In each of these actions, the SEC cited that the essential violation of the underwriters stemmed from the failure of the dealers to inquire of the purchasers concerning their investment intent. While the SEC has never proscribed the form by which an underwriter should obtain a statement from an investor, and while that form can be an investor letter that is executed by the investor or a statement that is then memorialized in some fashion, what the SEC’s actions make clear is that the underwriter needs to be able to document and prove that it inquired of the investors and was able to obtain the requisite reasonable belief that the purchaser was purchasing for investment intent.
  • When regularly using the limited offering exception, develop an ongoing awareness of what those investors are doing with municipal securities sold using the limited offering exception.

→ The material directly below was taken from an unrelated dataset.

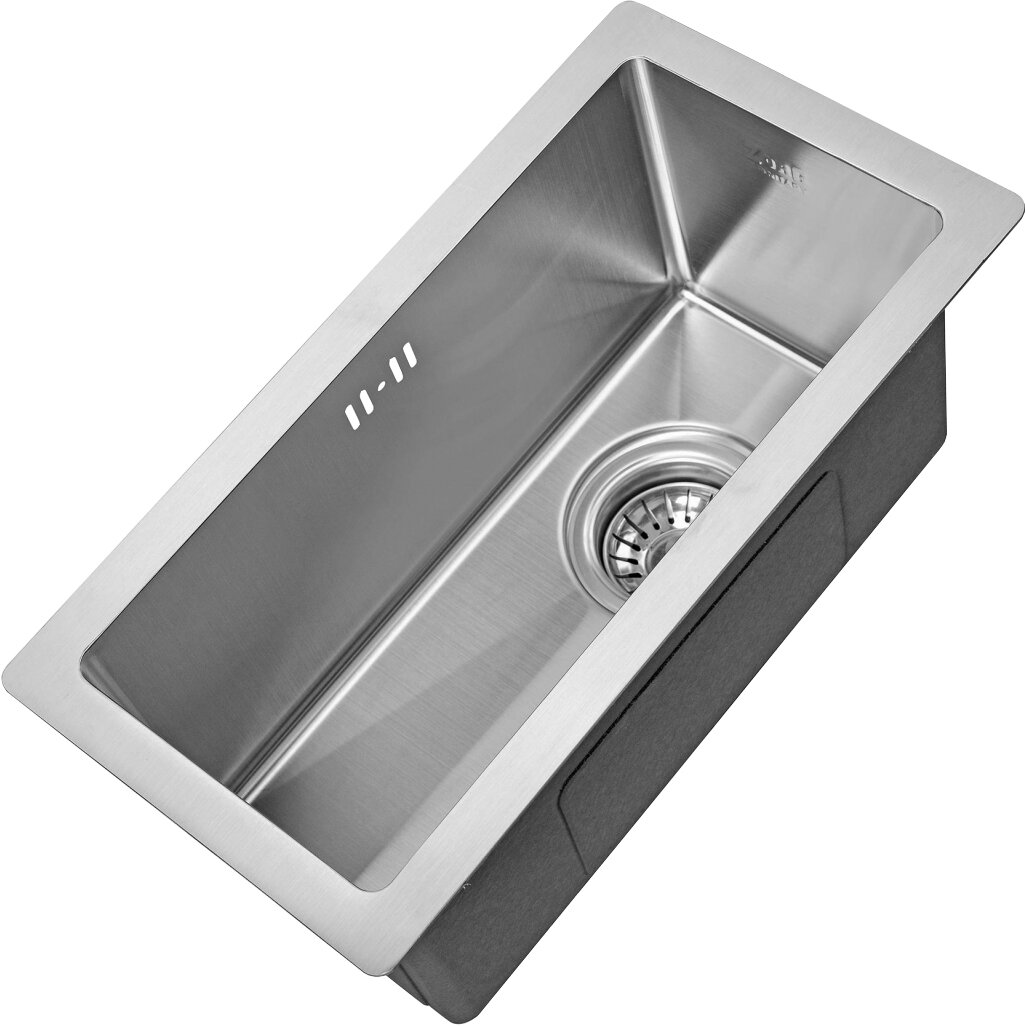 Zorg Дополнительная мойка Zorg Inox R 2344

It is notable that in these actions, the SEC omitted any statement similar to that included in the 1989 adopting release to the effect that underwriters could establish their reasonable belief through obtaining a statement from an investor. The SEC’s findings related to sales to broker-dealers present unique difficulties because, even if an underwriter obtained a statement of investment intent from a broker-dealer, it would be difficult for that underwriter to reasonably rely on such statement since broker-dealers are in a business that is incompatible with investment intent.

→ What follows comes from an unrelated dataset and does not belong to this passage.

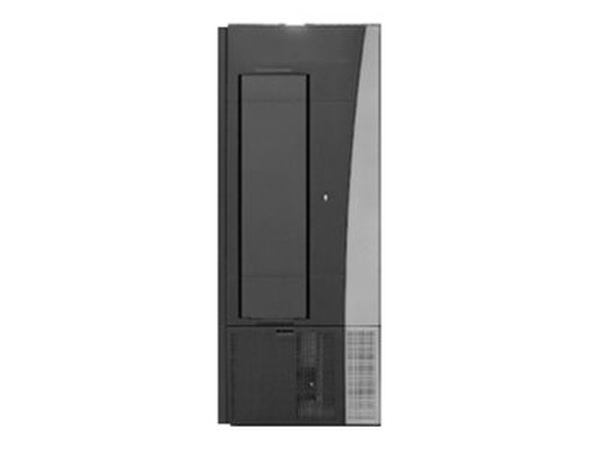 HPE TFinity ExaScale Enterprise Left Service Bay, 378 slots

The SEC seems to have opened the door to questioning when an underwriter may reasonably rely on an investor statement of investment intent. While a broker-dealer presents a somewhat obvious fact pattern where reasonable reliance is questionable, what about other investors? While not in the four corners of the SEC actions, it may make sense for underwriters who sell municipal securities pursuant to a limited offering exception to an investor on a regular basis to generally be aware of what that investor does with municipal securities that it purchases stating it had investment intent. If an underwriter sells multiple issuances of municipal securities to an investor and that investor has a pattern of quickly selling those municipal securities, the SEC’s approach in these actions raises the question whether the SEC may question whether the underwriter appropriately relied on a statement of investment intent when that investor’s trading activity was inconsistent with its statement and the underwriter could have been aware of that if it investigated its trading activity.
  • Be mindful of the larger impact on the municipal securities market.

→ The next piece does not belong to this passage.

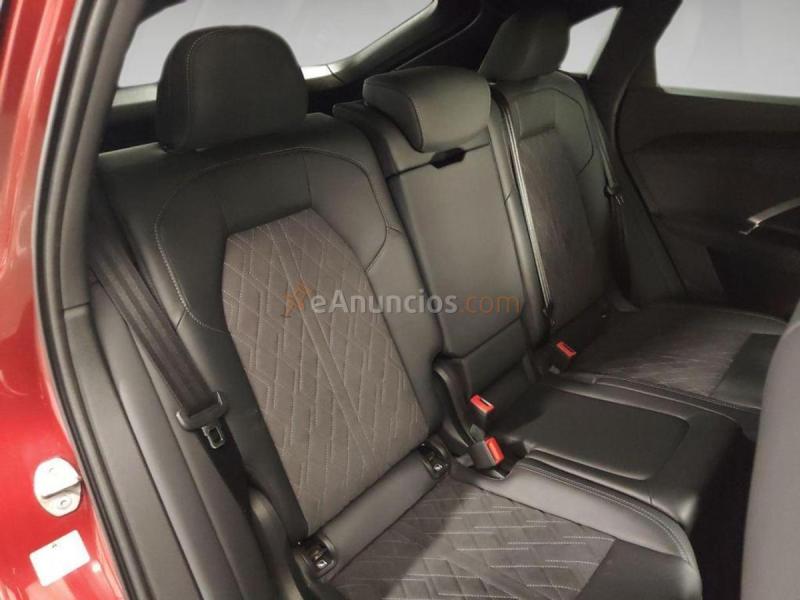 Audi Q5 SPORTBACK Black Line quattro 220 kW (299 CV) S tronic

Stepping back from the four actions, the SEC seems to be making a larger market message concerning how the limited offering exception was impacting the municipal securities market. Reading between the lines of the actions, the SEC seemed to be complaining that the systematic use of the limited offering exception is increasing the volume of municipal securities regularly traded in the market that are not accompanied by disclosure or continuing disclosure obligations. Simply put, if these transactions are multiplied across the market, then, from the SEC’s perspective, it would create a situation where the basic purposes and protections of Rule 15c2-12 are undermined. In the Oppenheimer complaint the SEC appears to connect dots from marketing materials to distribution channels, and to a lack of policies and procedures to demonstrate how the limited offering program that Oppenheimer conducted allegedly undermined the purpose of the municipal securities disclosure regime. It remains helpful for market participants to consider how the SEC would view their transactions and programs of transactions. By engaging in a systematic pattern of transactions that, if spread throughout the market, would undermine the SEC’s fundamental goals and expectations for the market, the SEC may feel obligated to fix that problem one way or the other.